CUPERTINO, California, January 2026 — Apple is actively investigating the use of 3D-printed aluminum components for future iPhones and Apple Watches, according to people familiar with the company’s supply chain and manufacturing experiments.

The initiative focuses on additive manufacturing techniques—commonly known as metal 3D printing—to produce aluminum chassis parts, frames, or structural elements with greater design flexibility and potentially lower waste than traditional CNC machining.

Sources indicate Apple has been testing prototypes in secret facilities and working with select suppliers capable of high-precision metal powder bed fusion.

3D printing aluminum could allow more complex internal geometries, lighter weight structures, and faster iteration on new designs. It would also reduce material waste compared to subtractive methods currently used for iPhone frames and Apple Watch cases.

However, challenges remain: current metal 3D printing processes are slower, more expensive at scale, and produce parts with slightly different mechanical properties (such as fatigue strength) than forged or machined aluminum.

The exploration is part of Apple’s long-term push to innovate in materials and manufacturing. The company already uses titanium in premium models (iPhone 15 Pro and later) and has experimented with carbon fiber, ceramic, and other advanced materials.

A shift to 3D-printed aluminum would mark one of the first high-volume consumer electronics applications of the technology at this scale.

Apple has not confirmed the reports or provided a timeline.
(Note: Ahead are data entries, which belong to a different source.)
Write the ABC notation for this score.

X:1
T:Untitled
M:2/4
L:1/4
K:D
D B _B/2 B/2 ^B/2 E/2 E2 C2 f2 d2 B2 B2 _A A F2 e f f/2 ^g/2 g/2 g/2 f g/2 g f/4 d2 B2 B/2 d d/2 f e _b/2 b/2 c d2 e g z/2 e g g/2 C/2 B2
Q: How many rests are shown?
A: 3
Any production-scale adoption would likely appear in models several years away, possibly in the iPhone 18 or 19 series or future Apple Watch generations.
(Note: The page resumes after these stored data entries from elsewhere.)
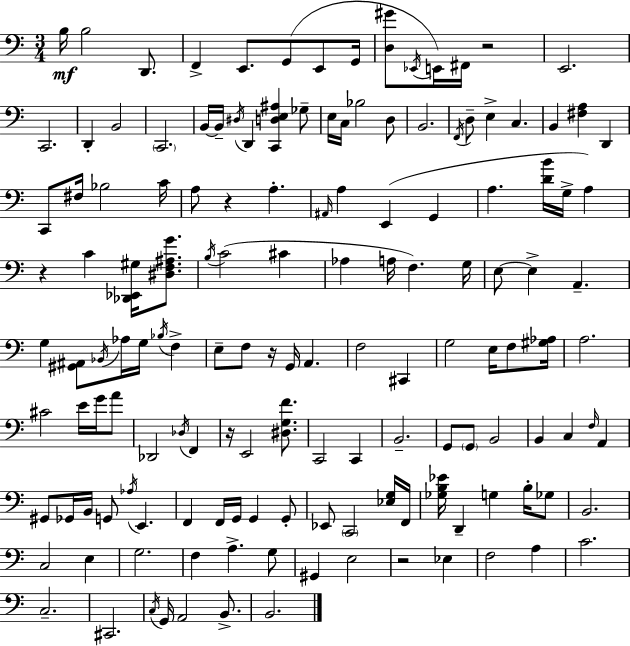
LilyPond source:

{
  \clef bass
  \numericTimeSignature
  \time 3/4
  \key c \major
  b16\mf b2 d,8. | f,4-> e,8. g,8( e,8 g,16 | <d gis'>8 \acciaccatura { ees,16 }) e,16 fis,16 r2 | e,2. | \break c,2. | d,4-. b,2 | \parenthesize c,2. | b,16~~ b,16-- \acciaccatura { dis16 } d,4 <c, d e ais>4 | \break ges8-- e16 c16 bes2 | d8 b,2. | \acciaccatura { f,16 } d8-- e4-> c4. | b,4 <fis a>4 d,4 | \break c,8 fis16 bes2 | c'16 a8 r4 a4.-. | \grace { ais,16 } a4 e,4( | g,4 a4. <d' b'>16 g16-> | \break a4) r4 c'4 | <des, ees, gis>16 <dis f ais g'>8. \acciaccatura { b16 } c'2( | cis'4 aes4 a16 f4.) | g16 e8~~ e4-> a,4.-- | \break g4 <gis, ais,>8 \acciaccatura { bes,16 } | aes16 g16 \acciaccatura { bes16 } f4-> e8-- f8 r16 | g,16 a,4. f2 | cis,4 g2 | \break e16 f8 <gis aes>16 a2. | cis'2 | e'16 g'16 a'8 des,2 | \acciaccatura { des16 } f,4 r16 e,2 | \break <dis g f'>8. c,2 | c,4 b,2.-- | g,8 \parenthesize g,8 | b,2 b,4 | \break c4 \grace { f16 } a,4 gis,8 ges,16 | b,16 g,8 \acciaccatura { aes16 } e,4. f,4 | f,16 g,16 g,4 g,8-. ees,8 | \parenthesize c,2 <ees g>16 f,16 <ges b ees'>16 d,4-- | \break g4 b16-. ges8 b,2. | c2 | e4 g2. | f4 | \break a4.-> g8 gis,4 | e2 r2 | ees4 f2 | a4 c'2. | \break c2.-- | cis,2. | \acciaccatura { c16 } g,16 | a,2 b,8.-> b,2. | \break \bar "|."
}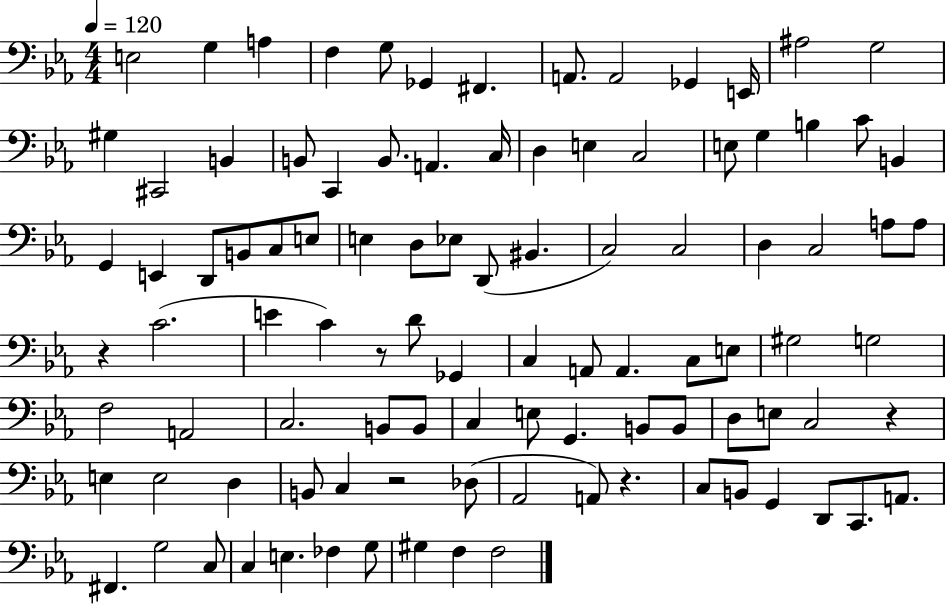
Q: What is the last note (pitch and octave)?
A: F3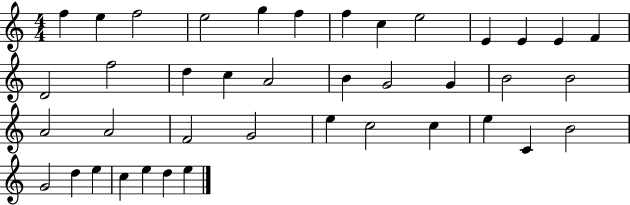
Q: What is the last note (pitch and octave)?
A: E5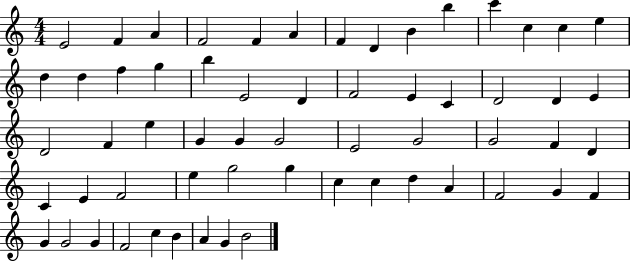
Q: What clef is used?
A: treble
The move aligns with broader industry interest in additive manufacturing for consumer devices. Samsung and other manufacturers have explored similar techniques, though none have reached mass production for flagship phones.

If successful, the approach could reduce manufacturing costs over time, improve sustainability by minimizing material waste, and enable new design possibilities—such as integrated heat dissipation structures or thinner bezels.